Reputation: 728
I want to go through an image and process some specific values with regard to the order of the elements. The image has one unsigned char*
array containing a mask(255 if pixel should be processed, else 0) and an unsigned short*
array with the pixel values.
I implemented three different methods with tbb and used a single for-loop through the mask-array and calculated the x,y-coordinates from the loop-variable: x = i%width; y = i/width;
. If the pixel is visible i want to transform the point using Eigen
.
The vector4d
is a std::vector<std::array<double,4>>
to store the points.
Here are my three implementaion with tbb:
1. tbb::combinable
and tbb::parallel_for
:
void Combinable(int width, int height, unsigned char* mask,unsigned short* pixel){
MyCombinableType.clear();
MyCombinableType.local().reserve(width*height);
tbb::parallel_for( tbb::blocked_range<int>(0, width*height),
[&](const tbb::blocked_range<int> &r)
{
vector4d& local = MyCombinableType.local();
const size_t end = r.end();
for (int i = r.begin(); i != end; ++i)
{
if(mask[i]!=0)
{
array4d arr = {i%width,i/width,(double)pixel[i],1};
//Map with Eigen and transform
local.push_back(arr);
}
}
});
vector4d idx = MyCombinableType.combine(
[]( vector4d x, vector4d y)
{
std::size_t n = x.size();
x.resize(n + y.size());
std::move(y.begin(), y.end(), x.begin() + n);
return x;
});
}
2. tbb::enumerable_thread_specific
and tbb::parallel_for
:
void Enumerable(int width, int height, unsigned char* mask,unsigned short* pixel){
MyEnumerableType.clear();
MyEnumerableType.local().reserve(width*height);
tbb::parallel_for( tbb::blocked_range<int>(0, width*height),
[&](const tbb::blocked_range<int> &r)
{
enumerableType::reference local = MyEnumerableType.local();
for (int i = r.begin(); i != r.end(); ++i)
{
if(mask[i]!=0)
{
array4d arr = {i%width,i/width,(double)pixel[i],1};
//Map with Eigen and transform
local.push_back(arr);
}
}
});
vector4d idx = MyEnumerableType.combine(
[](vector4d x, vector4d y)
{
std::size_t n = x.size();
x.resize(n + y.size());
std::move(y.begin(), y.end(), x.begin() + n);
return x;
});
}
3. tbb::parallel_reduce
:
void Reduce(int width, int height, unsigned char* mask,unsigned short* pixel){
vector4d idx = tbb::parallel_reduce(
tbb::blocked_range<int>(0, width*height ),vector4d(),
[&](const tbb::blocked_range<int>& r, vector4d init)->vector4d
{
const size_t end = r.end();
init.reserve(r.size());
for( int i=r.begin(); i!=end; ++i )
{
if(mask[i]!=0)
{
array4d arr = {i%width,i/width,(double)pixel[i],1};
//Map with Eigen and transform
init.push_back(arr);
}
}
return init;
},
[]( vector4d x,vector4d y )
{
std::size_t n = x.size();
x.resize(n + y.size());
std::move(y.begin(), y.end(), x.begin() + n);
return x;
}
);
}
I compared the runtime of the three versions with a serial implementation.
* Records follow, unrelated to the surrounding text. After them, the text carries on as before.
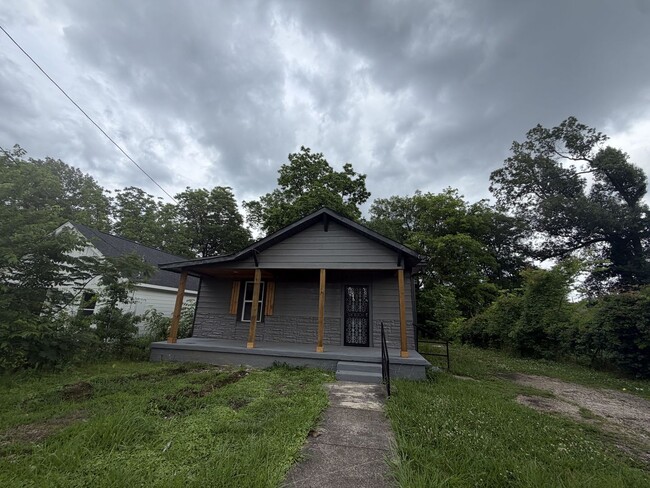 Building Photo - Spacious 4-Bedroom, 2-Bath House – Unfurnished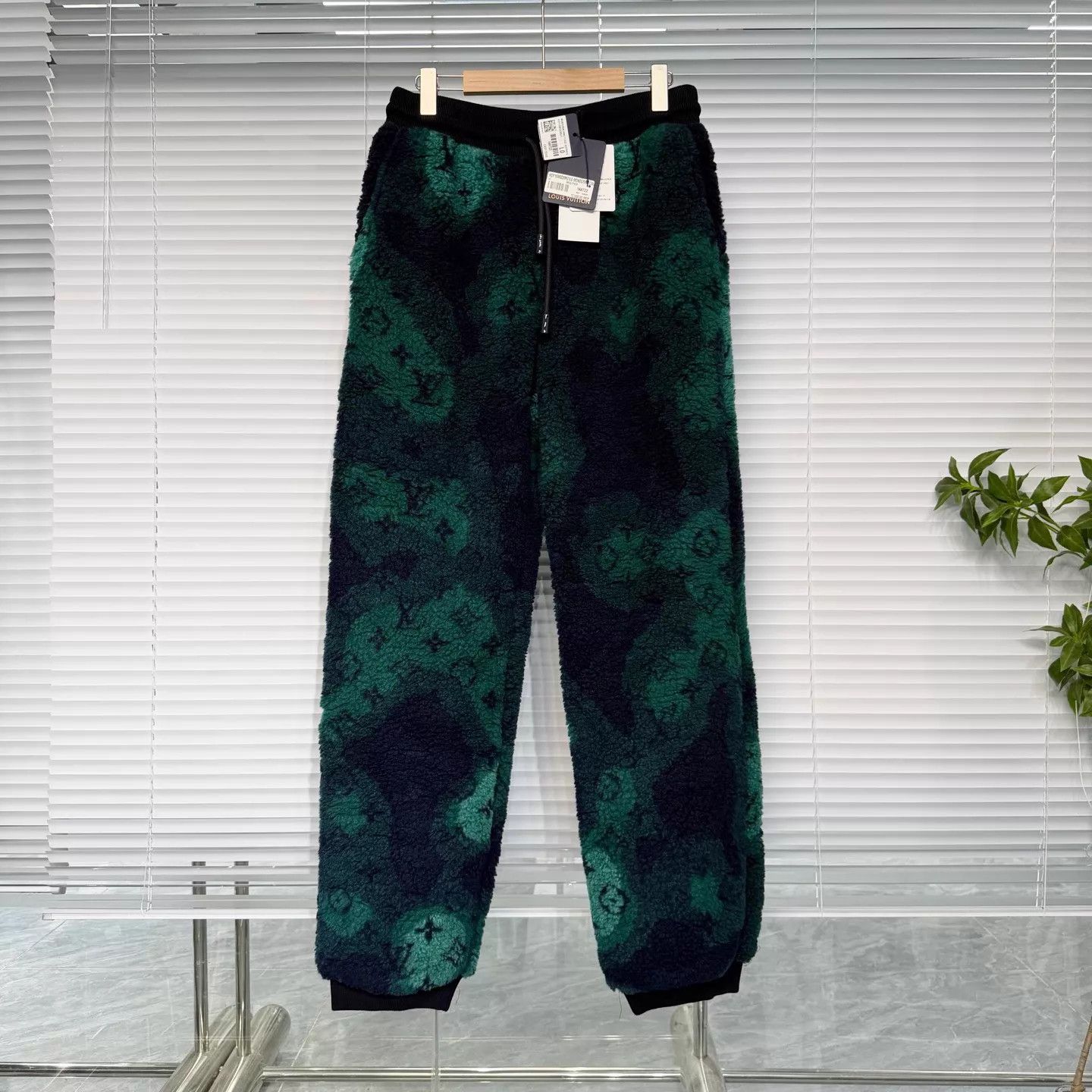 Louis Vuitton LV Teddy Fleece Gradient Print Sweatpants Green L Size US 34 / EU 50 - 1 Thumbnail
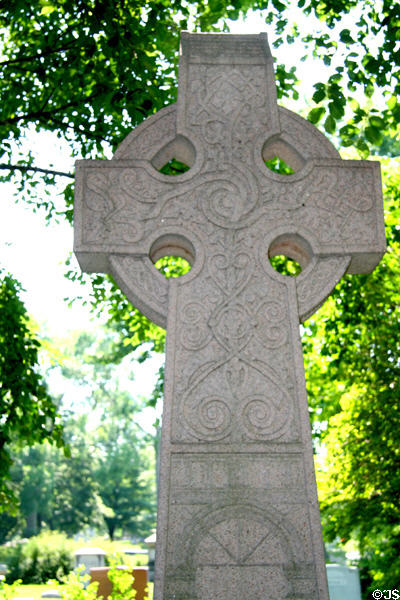 Irish cross monument (1894) to architect John Wellborn Root (1850-1891) in Graceland Cemetery. Chicago, IL. Architect: Burnham & Root, Atwood, Wegman.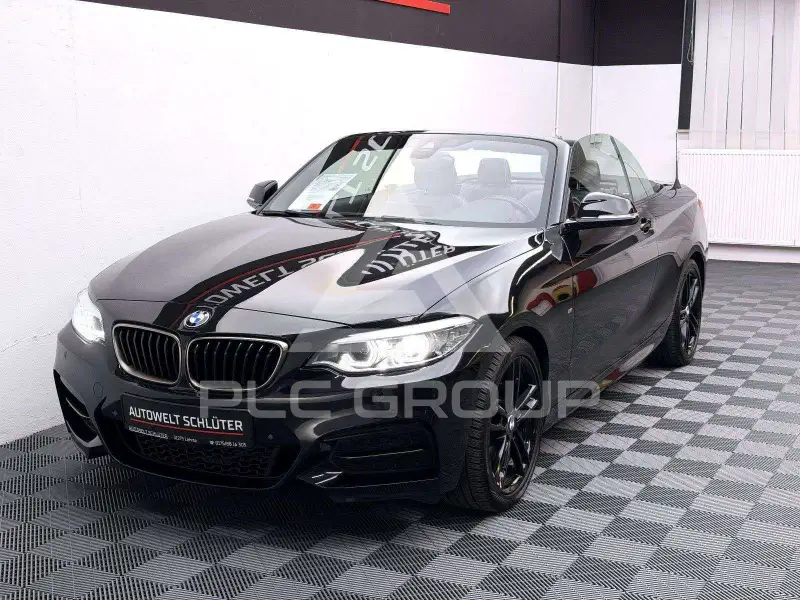 2021 BMW 240M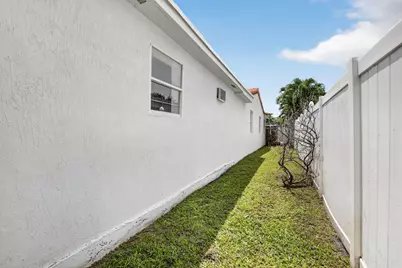 2427 Harding Street, Hollywood, FL 33020 - Photo 35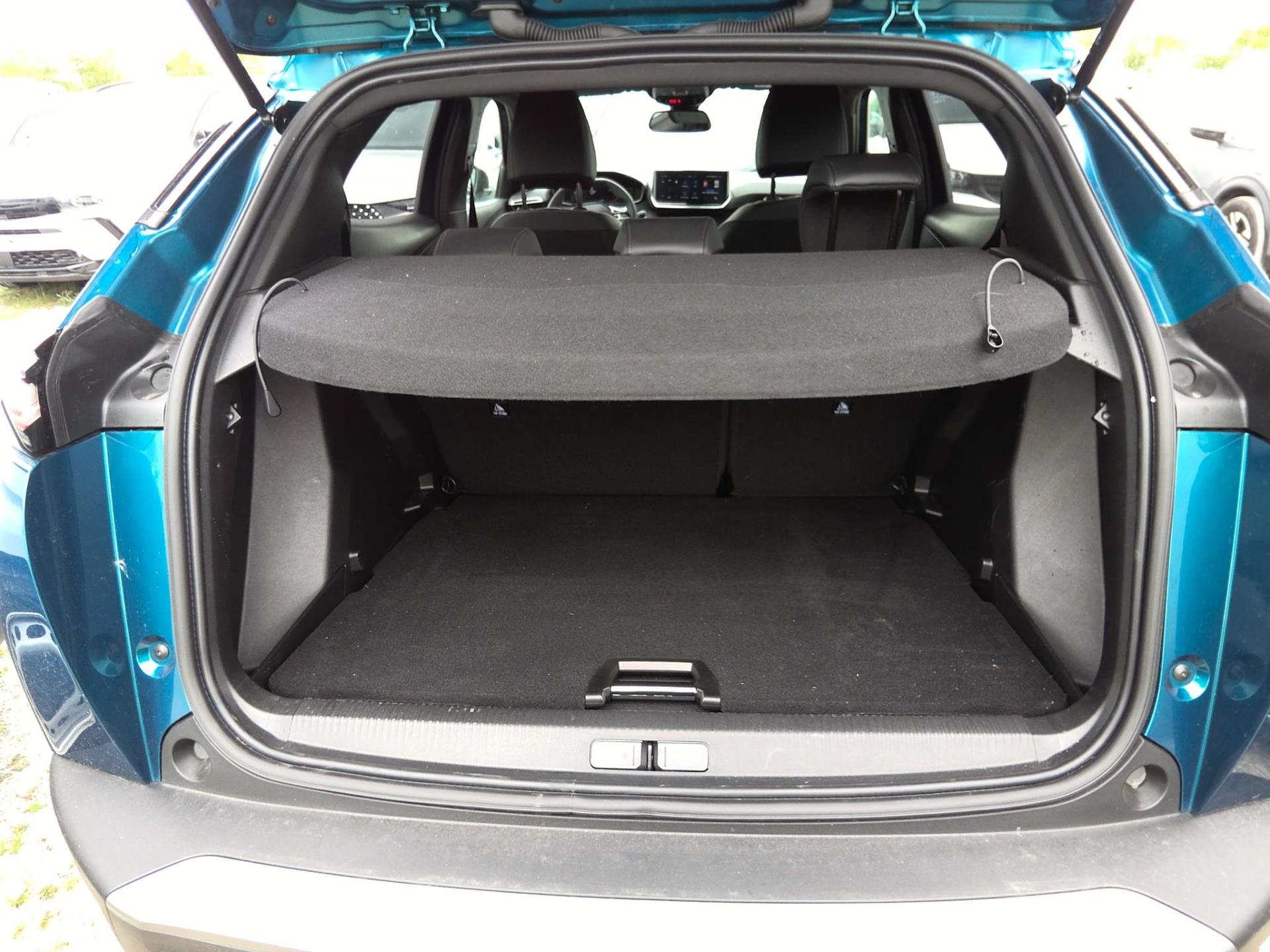 Peugeot 2008 Hybrid 136 e-DCS6 Allure 2025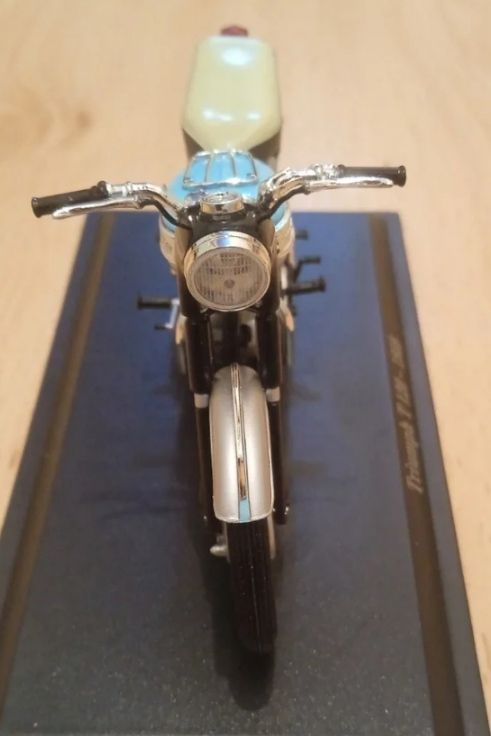 Triumph T120 1959 Norev 181999 1:18 primeraedicion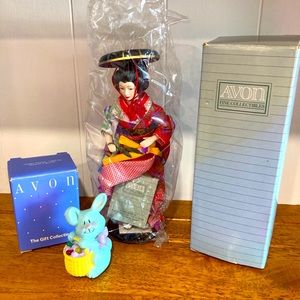Set of two vintage Avon gift collectibles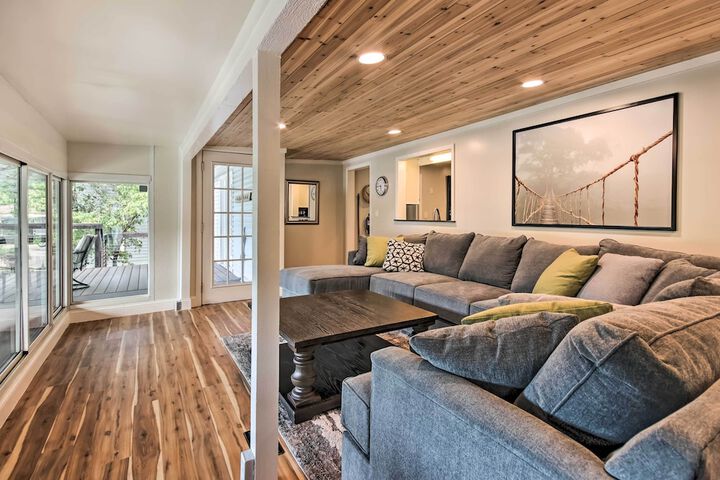 Dock Deck & Boat Slip: Lakefront Eucha Home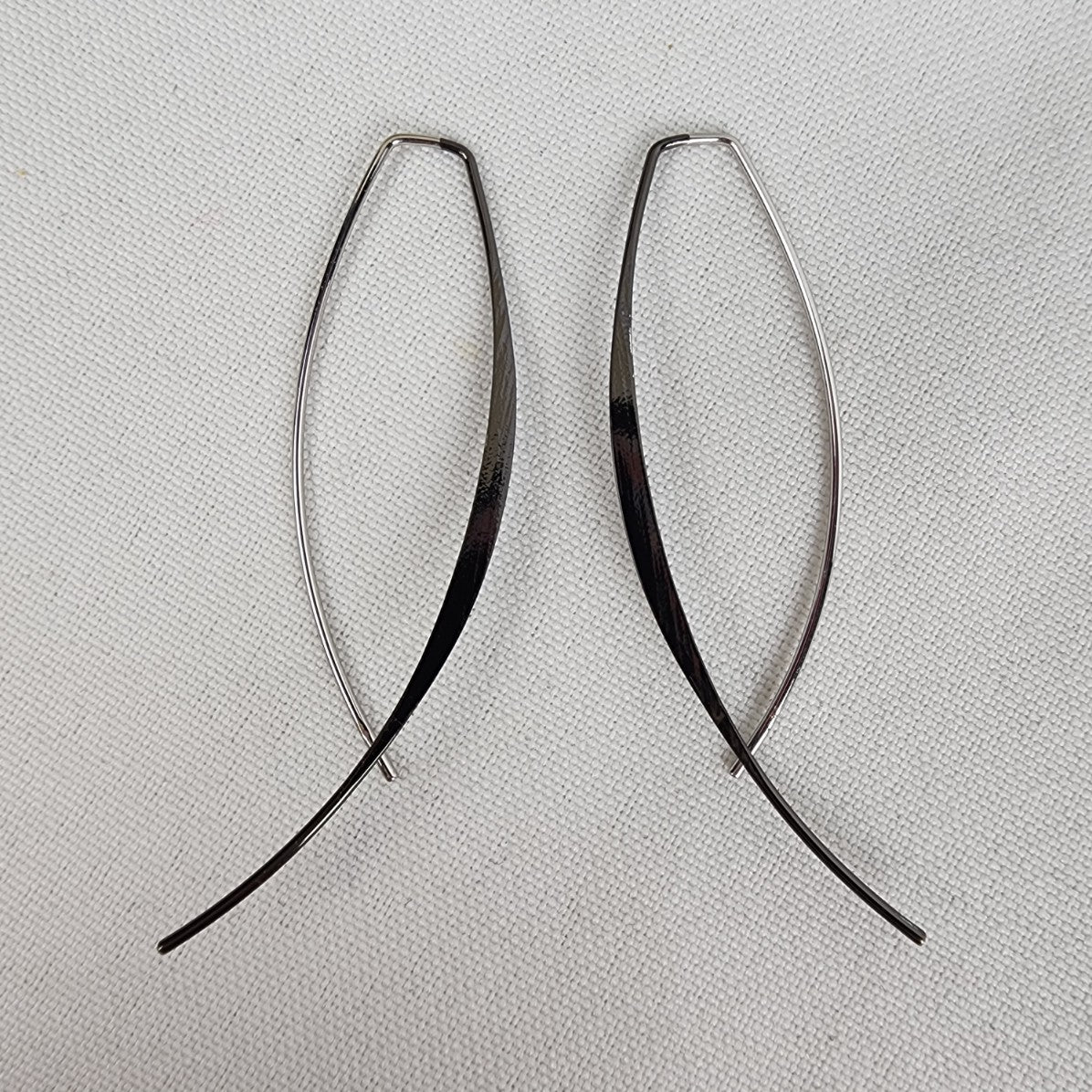 Fifth Avenue Collection Silver Tone Modern Flare Earrings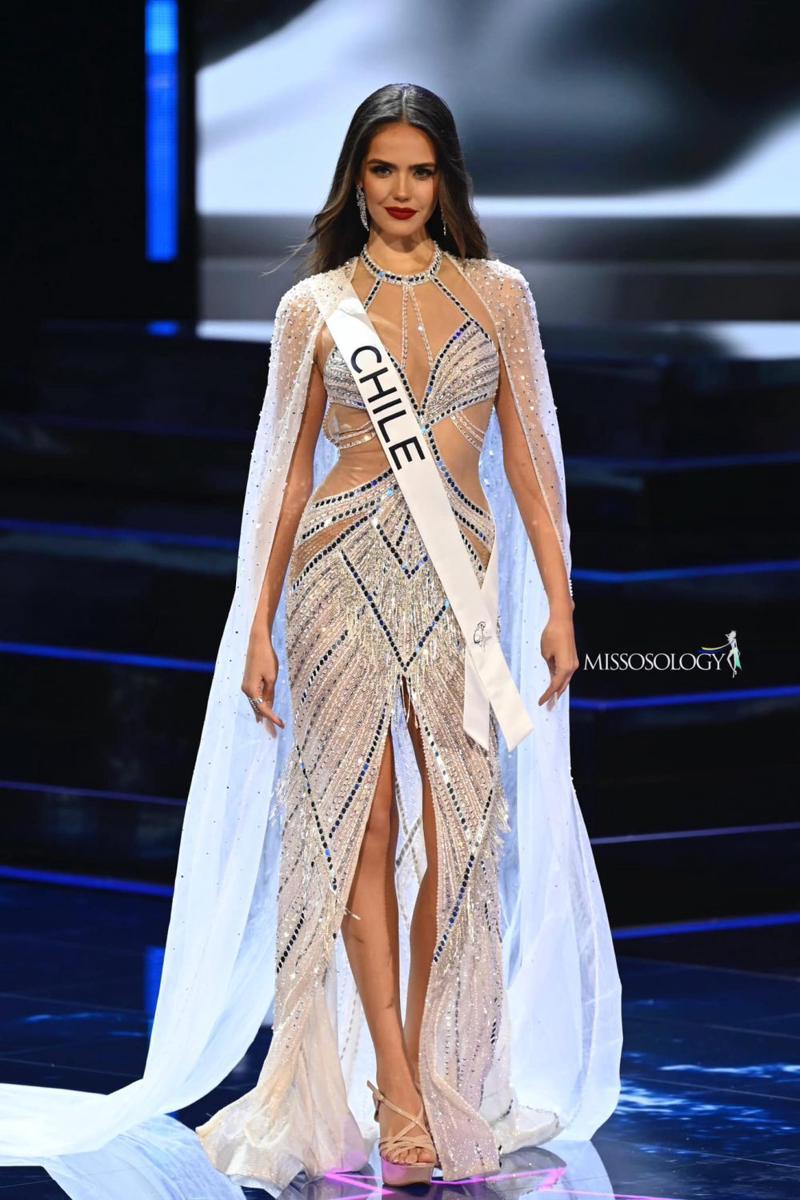 Gaun Malam Wakil Amerika Latin di Preliminary Miss Universe 2023 (Facebook.com/Missosology)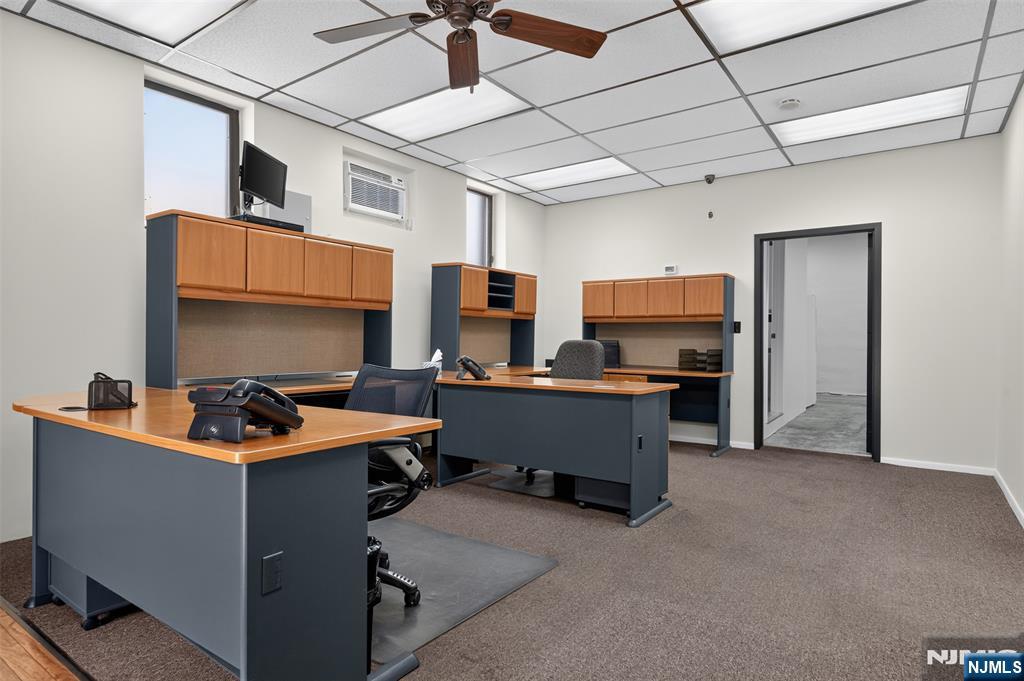 521 Valley Brook Avenue Office/ Warehou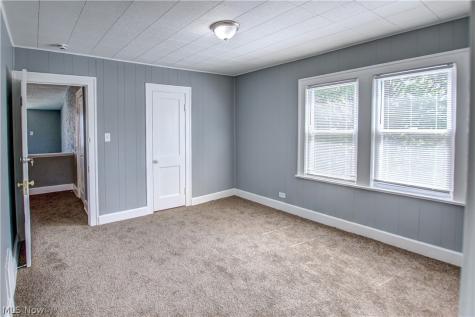 3211 W 116th Street Cleveland OH 44111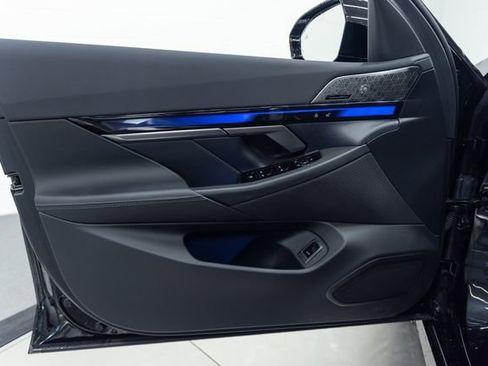 Used 2026 BMW i5 eDrive40 w/ M Sport Package AWD/4WD image 11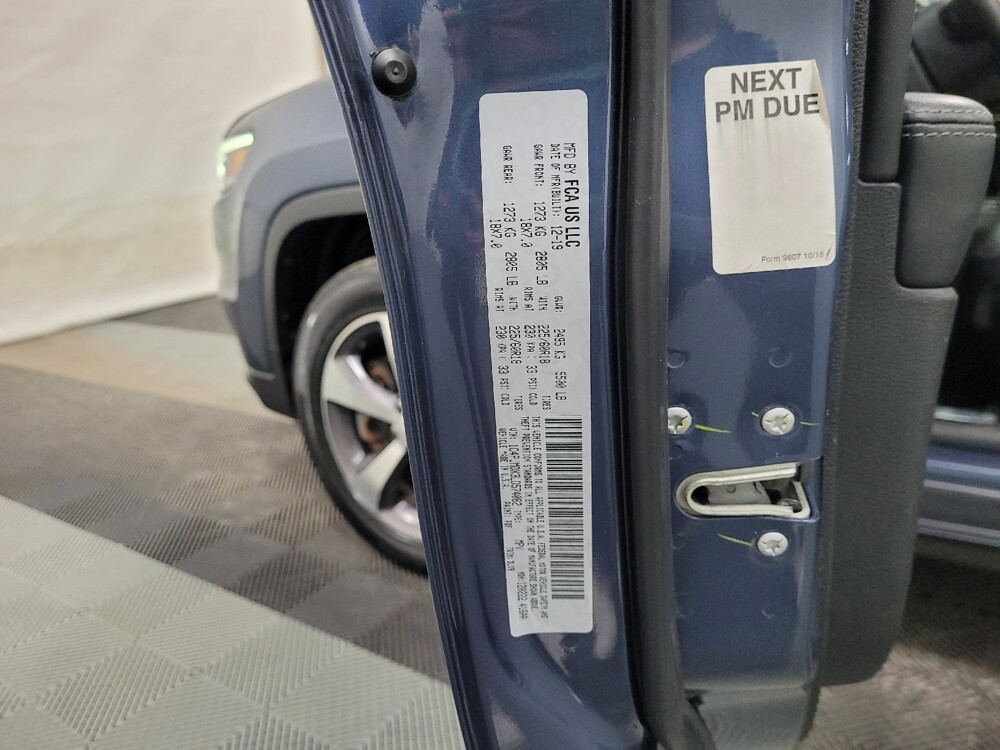 2020 Jeep Cherokee in Allentown, PA 18103 - 18114341 33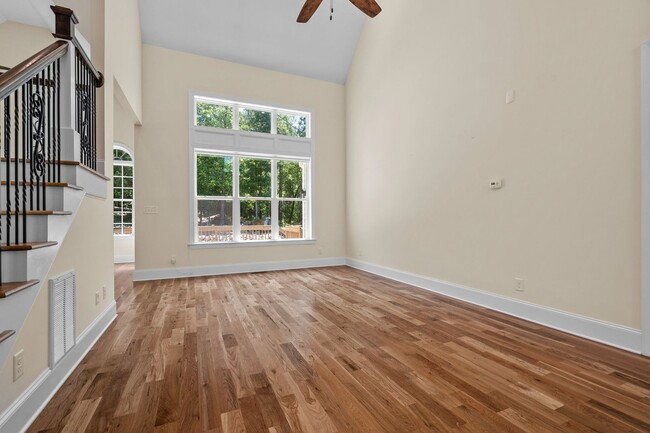 Building Photo - MUST SEE! 4 Bedroom Home with Private Wood...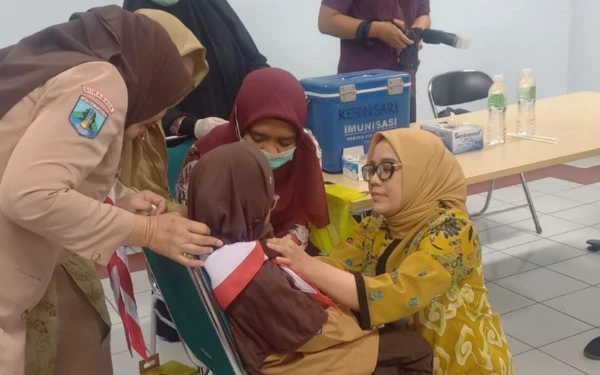 Thumbnail Ketua PKK Kota Surabaya Tinjau Langsung Bulan Imunisasi Anak Nasional di MI MAS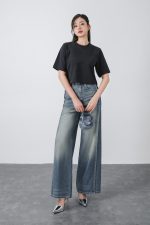 High-quality cotton t-shirt with round neck, crop top, and fashionable border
The arrays had 8400000 elements and every algortihm was repeated 100 times. The results are:
I assume that the combine
statement is the bottleneck here. What am i doing wrong? Why is parallel_reduce
soo much slower? Please help!
Upvotes: 1
Views: 1864
Reputation: 1462
You are using the functional form of parallel_reduce, try the more efficient imperative form instead. Unfortunately it cannot be called using lambdas, you must define a Body class:
https://www.threadingbuildingblocks.org/docs/help/reference/algorithms/parallel_reduce_func.html
It should minimize the number vector4d copies that are made during your reduction. The vector4d should be a member of your Body class so that it can be reused and appended to by multiple ranges, rather than constructing and merging a unique vector4d for every subdivided range.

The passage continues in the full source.